## Supplied material
╭──

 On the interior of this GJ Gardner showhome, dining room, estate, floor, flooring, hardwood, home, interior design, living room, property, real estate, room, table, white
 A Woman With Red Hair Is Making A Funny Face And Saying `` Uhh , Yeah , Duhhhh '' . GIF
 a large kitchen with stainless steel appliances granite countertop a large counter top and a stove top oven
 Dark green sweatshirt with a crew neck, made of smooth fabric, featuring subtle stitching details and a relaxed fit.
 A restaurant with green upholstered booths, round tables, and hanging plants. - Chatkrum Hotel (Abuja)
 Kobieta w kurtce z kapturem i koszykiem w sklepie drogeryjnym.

╰──
╭──

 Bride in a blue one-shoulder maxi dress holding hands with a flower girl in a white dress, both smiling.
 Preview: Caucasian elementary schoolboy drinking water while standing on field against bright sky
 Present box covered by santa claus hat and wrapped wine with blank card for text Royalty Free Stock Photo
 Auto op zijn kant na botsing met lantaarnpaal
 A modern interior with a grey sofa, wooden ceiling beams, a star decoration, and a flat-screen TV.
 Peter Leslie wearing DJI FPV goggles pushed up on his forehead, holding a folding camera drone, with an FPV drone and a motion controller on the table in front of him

╰──
╭──

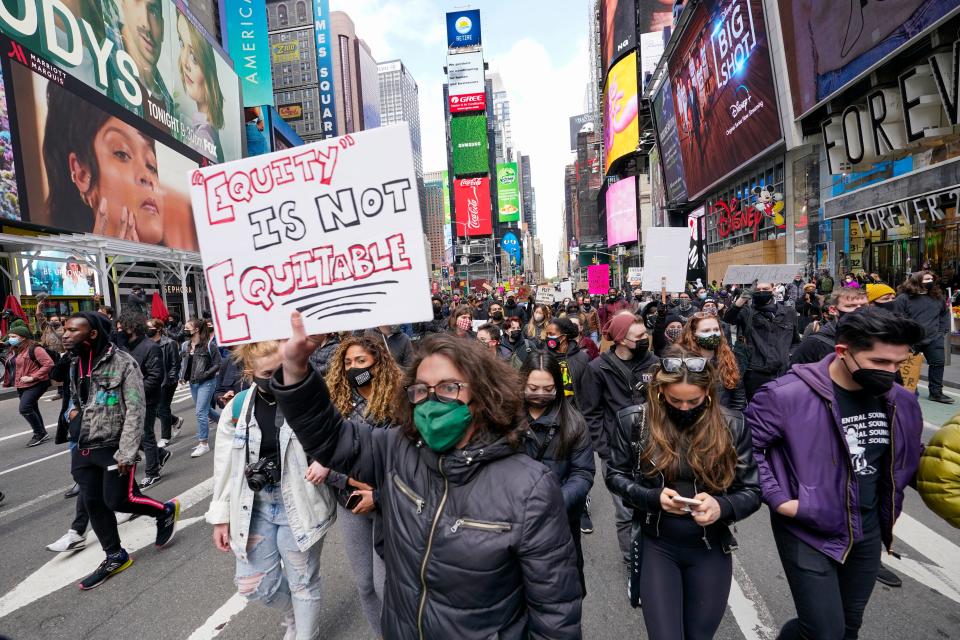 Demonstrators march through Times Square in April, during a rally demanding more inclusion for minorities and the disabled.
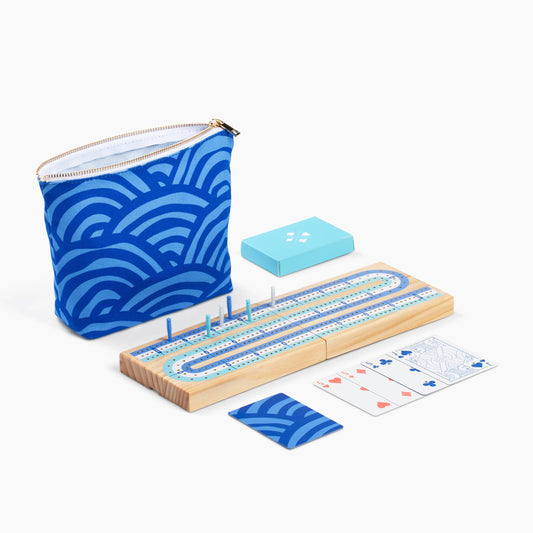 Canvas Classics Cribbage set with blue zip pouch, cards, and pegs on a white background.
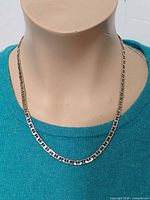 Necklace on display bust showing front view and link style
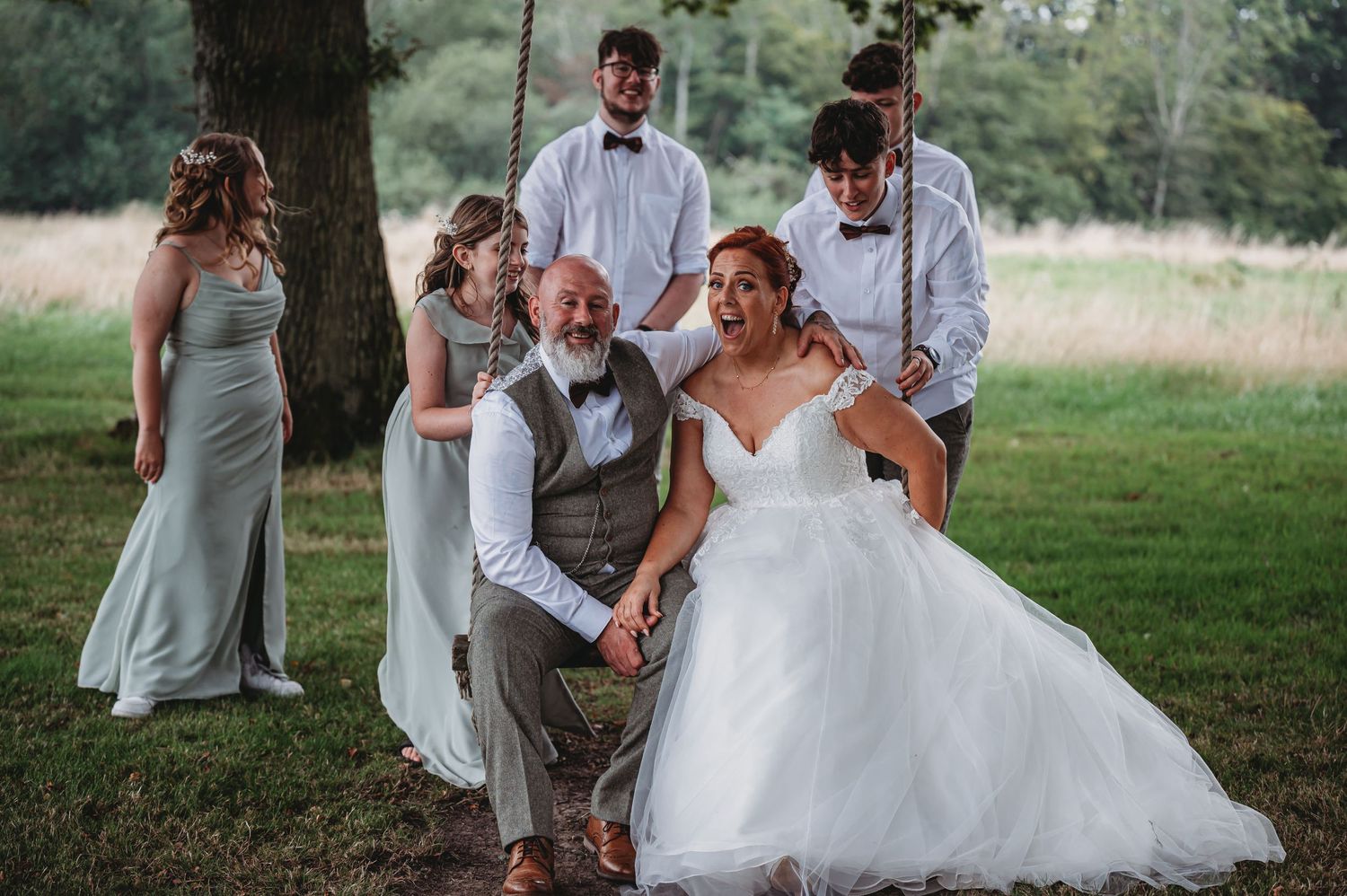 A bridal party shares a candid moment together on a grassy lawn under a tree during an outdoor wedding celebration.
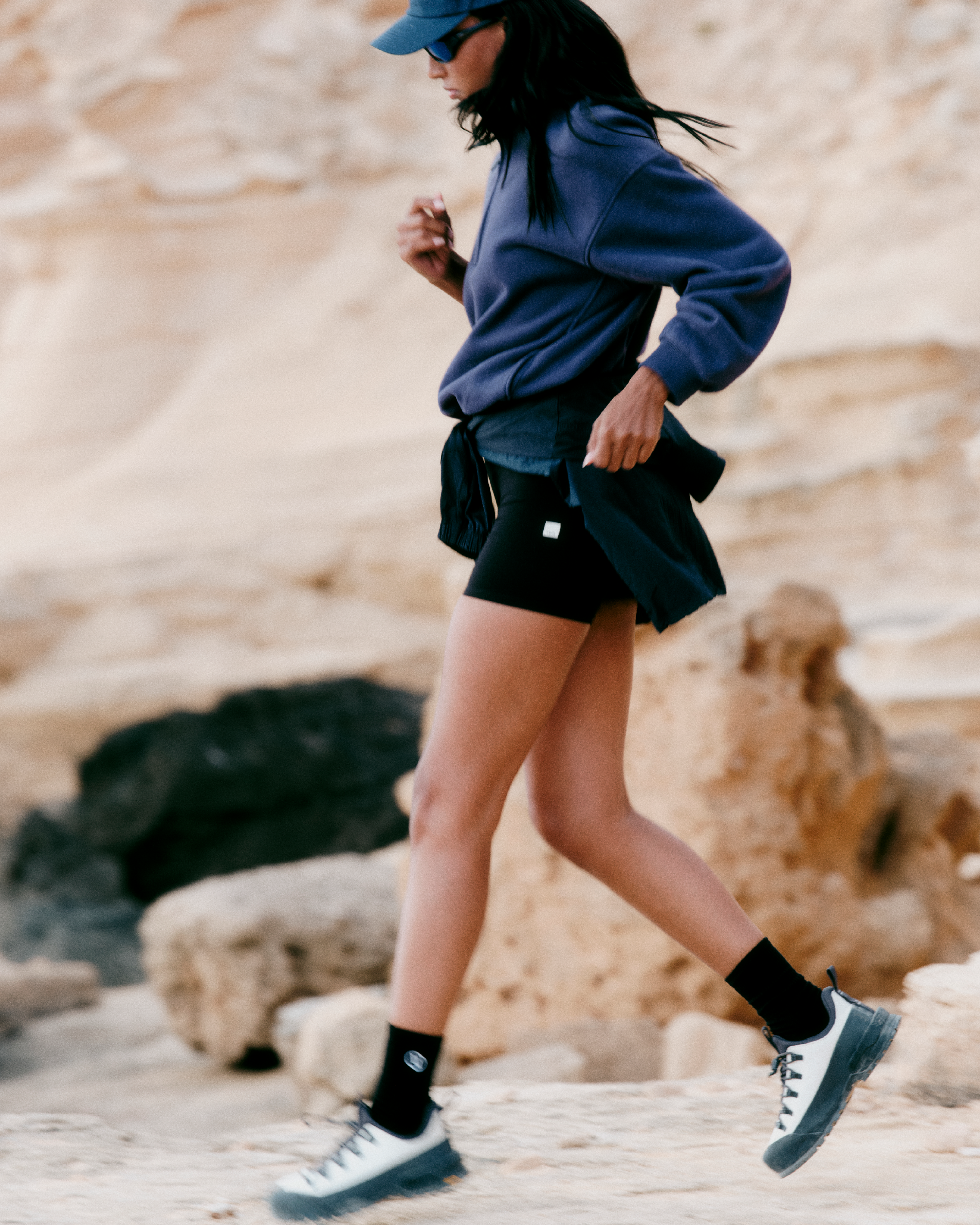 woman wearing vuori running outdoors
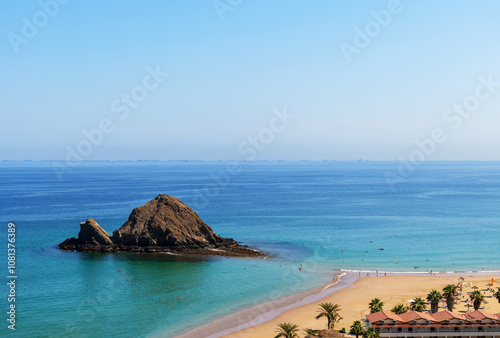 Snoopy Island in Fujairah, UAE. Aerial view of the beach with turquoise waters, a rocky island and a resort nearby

╰──

## Assignment
Working from the entries above, reproduce exactly and only the lines beginning with the line that has "Necklace on display" and ending with the line that has "woman wearing vuori running outdoors"; omit all pictures.

## Solution for this task
 Necklace on display bust showing front view and link style
 A bridal party shares a candid moment together on a grassy lawn under a tree during an outdoor wedding celebration.
 woman wearing vuori running outdoors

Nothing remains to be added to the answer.